Released in tandem with an Amazon Studios documentary, “Chasing Happiness,” and its emotional, rags-to-riches tale of fraternity gone asunder (then, obviously back to brotherly bliss, again), there are many things to be learned from “Happiness Begins,” the first new Jonas Brothers album in 10 years.

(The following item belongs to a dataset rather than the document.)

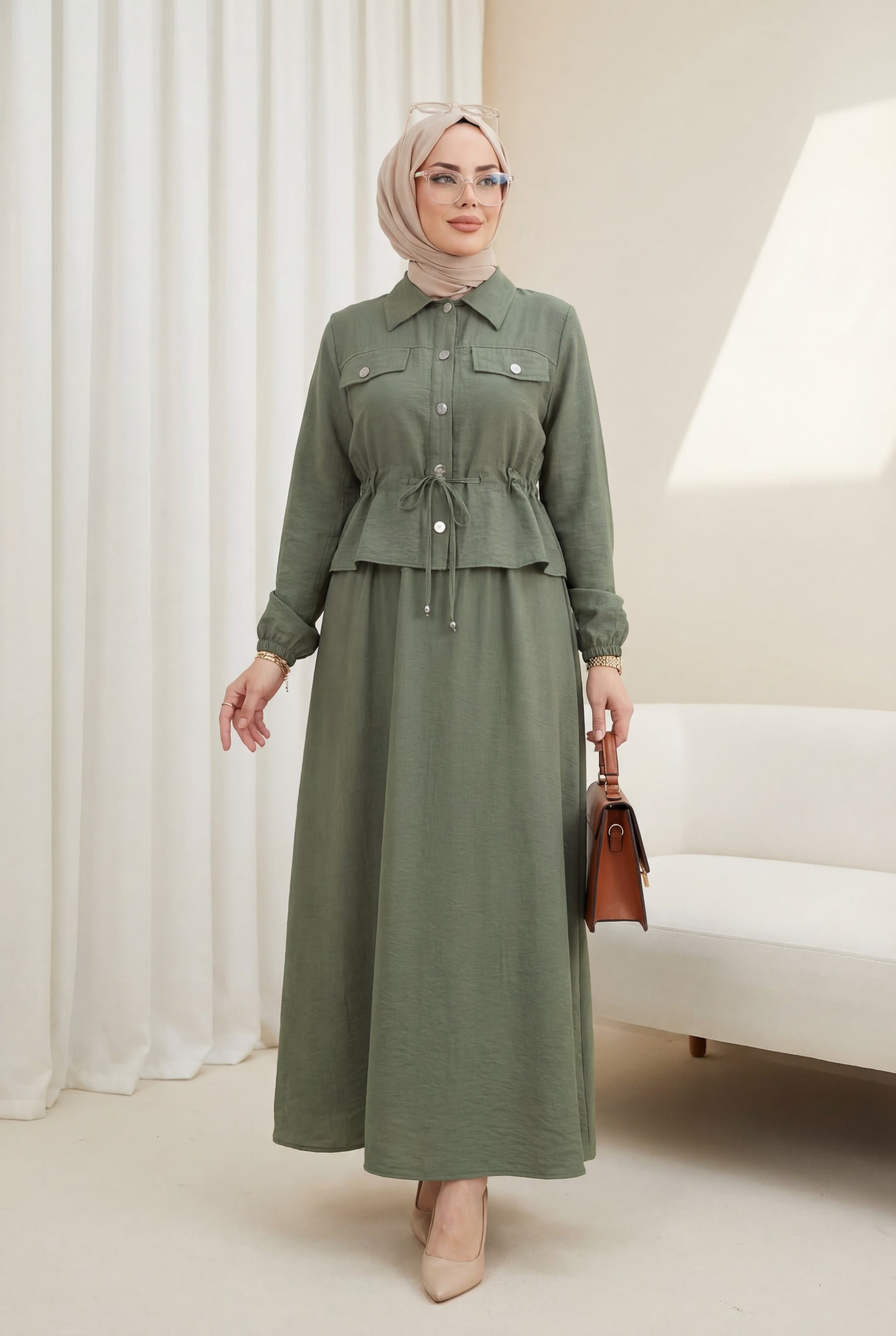 Metal Button Belted Shirt Jile Dress - Olive Green - Podyumplus - by Peralane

The band’s fifth studio album, and its first unified effort following 2009’s “Lines, Vines and Trying Times,” proves Kevin, Joe and Nick never lost the familial vibe — harmonic and intuitive — that came from growing up and bedding down in cramped quarters. The same soulful domesticity that charmed Disney listeners in the days of “Camp Rock” and “Year 3000” is gloriously intact in the present, despite Nick and Joe having dicked over Kevin over for a time surrounding their initial breakup. Watch the slick and exquisitely paced-for-maximum-impact documentary and you’ll actually hate the other two bro-singers for making Kevin sad.

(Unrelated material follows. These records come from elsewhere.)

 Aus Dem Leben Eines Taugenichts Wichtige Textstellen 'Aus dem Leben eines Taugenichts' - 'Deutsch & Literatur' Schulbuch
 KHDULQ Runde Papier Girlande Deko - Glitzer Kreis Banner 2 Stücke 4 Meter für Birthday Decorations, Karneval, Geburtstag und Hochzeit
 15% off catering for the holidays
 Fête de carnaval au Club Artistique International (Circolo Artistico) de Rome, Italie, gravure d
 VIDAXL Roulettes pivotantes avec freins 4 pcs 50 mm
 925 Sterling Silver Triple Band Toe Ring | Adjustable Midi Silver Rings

Then again, it is exactly such dramatic ire that gives the new and improved Jonas Brothers’ “Happiness Begins” its much needed edge and oomph (say, on the over-not-over, sorry-not-sorry lyrical twists of “Happy When I’m Sad”). Because, oddly enough, if you reached under the slickly painted hood of smash albums such as 2006’s “A Little Bit Longer,” you found a damned fine, quirky power-pop band, a Raspberries with richer harmonies, sharper lead vocals and epic contagion as its principle weapon.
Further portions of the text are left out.